José Manuel Fernandes
Numa notável crónica editada
este domingo no PÚBLICO, Ana Sá Lopes explicava
para que serve um jornal. Como é útil para
limpar o balcão de vidro de uma pastelaria, por exemplo.
Ou para embrulhar a panela do arroz para que este fique
solto, como se pretende.
Claro que há muitas outras utilidades que ela não
referiu - e pelo menos tão importantes. Forrar o
caixote do lixo. Ou embrulhar o peixe, num velho mercado.
Ou aconchegar os copos de vidro numa mudança. Ou...
por aí adiante.
Uma das coisas que devia fazer a humildade que quem escreve
nos jornais é perceber como a sua escrita é
efémera, como ao fim de umas horas já há
outro jornal para ler, como daqui por uns anos quem quiser
saber o que escrevemos terá de mergulhar nos volumes,
de páginas amareladas e a desfazer-se, de uma qualquer
hemeroteca (estou a esquecer-me dos novos arquivos electrónicos,
mas é de propósito: é que não
vem a propósito do que vos quero dizer) ou nas prateleiras
empoeiradas de um arquivo.
Por isso sempre tive a noção de que um livro
é outra coisa - mesmo esses livros fáceis
que reúnem crónicas de jornais. Um livro guarda-se
numa estante, pousa-se na mesinha de cabeceira, lê-se
na cama ou mergulhado numa banheira, folheia-se mil vezes,
volta a pôr-se na estante, empresta-se a um amigo,
relê-se 20 anos depois - ou 20 dias -, redescobre-se
com a sensação de que nunca morre, nunca desaparece.
E, depois, há livros e livros. Os que entram na nossa
vida. Os que nos fazem olhar para o mundo de outra maneira
- e para nós também. Os que nunca abrimos
mas sabemos que estão lá, para quando for
preciso. Os que fechamos depois das primeiras páginas
para a eles regressar anos passados. Os que nos fazem passar
noites em claro.
Para um especialista do imediato e do efémero, como
é um jornalista, o livro é de uma outra dimensão
- e por isso há qualquer coisa de quase sagrado que
sentimos estar a violar quando (como agora o PÚBLICO
vai fazer) vamos juntar um livro, uma colecção
de livros, a um jornal. Distribuí-los em conjunto.

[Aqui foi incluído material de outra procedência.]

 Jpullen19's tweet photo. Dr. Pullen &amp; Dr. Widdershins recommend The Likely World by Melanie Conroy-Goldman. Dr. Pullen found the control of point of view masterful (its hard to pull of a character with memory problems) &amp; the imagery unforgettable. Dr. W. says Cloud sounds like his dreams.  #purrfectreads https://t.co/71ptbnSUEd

Espalhá-los por milhares de bancas e quiosques. Acreditar
que é possível levar assim mais livros, muito
mais livros, junto de uma audiência muito mais vasta.

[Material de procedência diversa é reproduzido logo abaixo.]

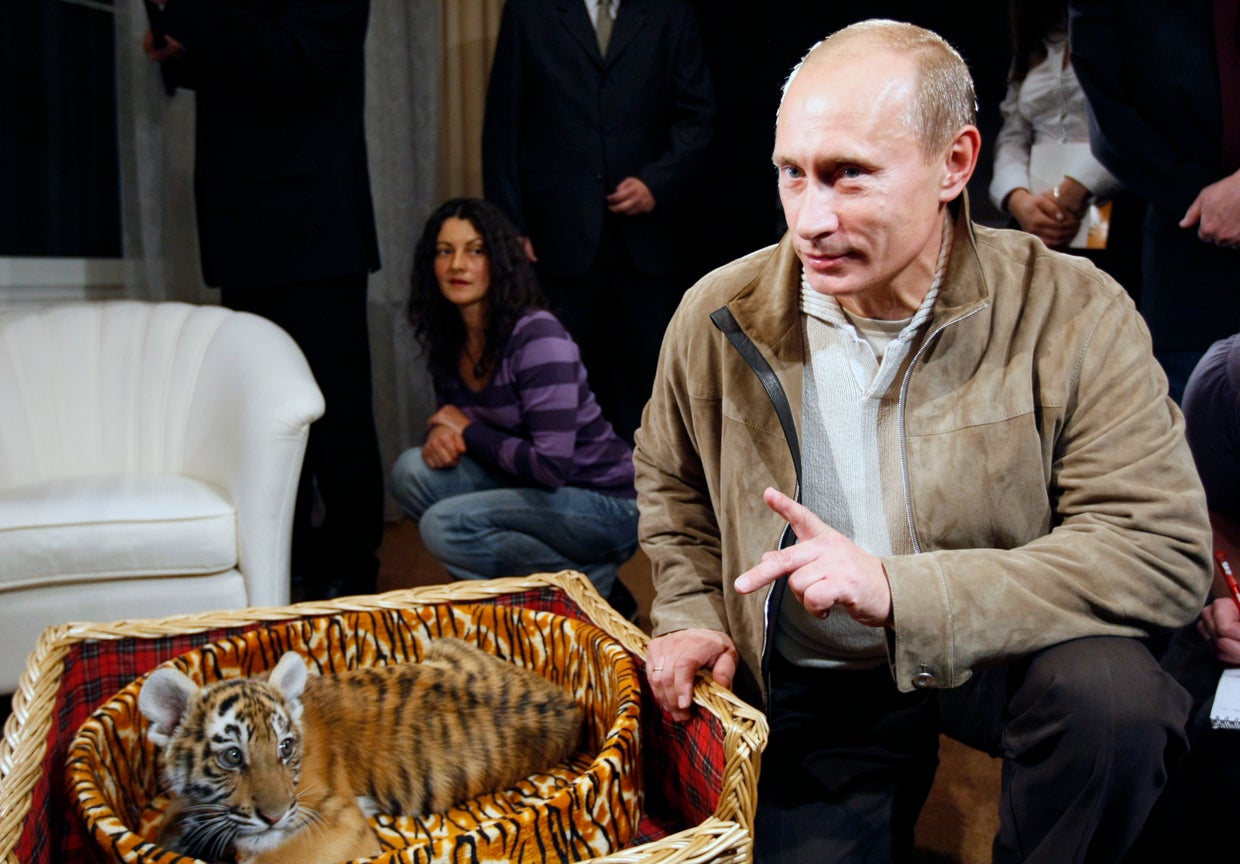 President, animal lover, professional wild man: Russia's Vladimir Putin ...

Tendo a ousadia de tentar que uma selecção
de grandes romances do século passado entrem em casas
onde não há livros, ou onde faltam edições
com a qualidade das que propomos, ou onde de tanto lidos
e emprestados obras como "O Nome da Rosa", ou
"1984", ou "O Ano da Morte de Ricardo Reis",
ou outro qualquer, já têm folhas a descolar-se.
Ou pensando apenas que há livros que se gosta de
ter repetidos, que há prazer em olhar para uma estante,
fazer uma colecção, acreditar que mesmo que
não seja agora que vou ler o que comprei, eu ou alguém
pegará um dia naquele livro e com ele viajará
(viaja-se sempre nas páginas de um livro, mesmo quando
ele não sai na nossa rua).
Não é a primeira vez que o PÚBLICO
propõe ao seus leitores colecções de
livros, mas nunca antes o fez com o mesmo cuidado de selecção
e com tanta qualidade de execução e acabamento.
Nem propondo títulos tão recentes e importantes.
Se acreditamos - como acreditamos - que toda a comunicação
social é serviço público, se acreditamos
- como acreditamos - que tudo o que se fizer pelo livro
e pela leitura é um investimento no país e
nos portugueses, e que essa é também a nossa
obrigação, então esta colecção
ainda faz mais sentido.
Durante 30 semanas sabemos que o jornal, às quartas-feiras,
não escapará ao seu destino de, lido na voragem
de dias apressados, acabar a ser utilizado por alguém
que apenas deseja limpar melhor o vidro de uma montra -
mas acreditamos que o livro que o acompanha será
guardado, coleccionado, folheado, lido, emprestado, usado.
Porque vale a pena, porque vale o tempo, porque, no seu
conjunto, é uma amostra da cultura do século
que passou - e que grande século foi...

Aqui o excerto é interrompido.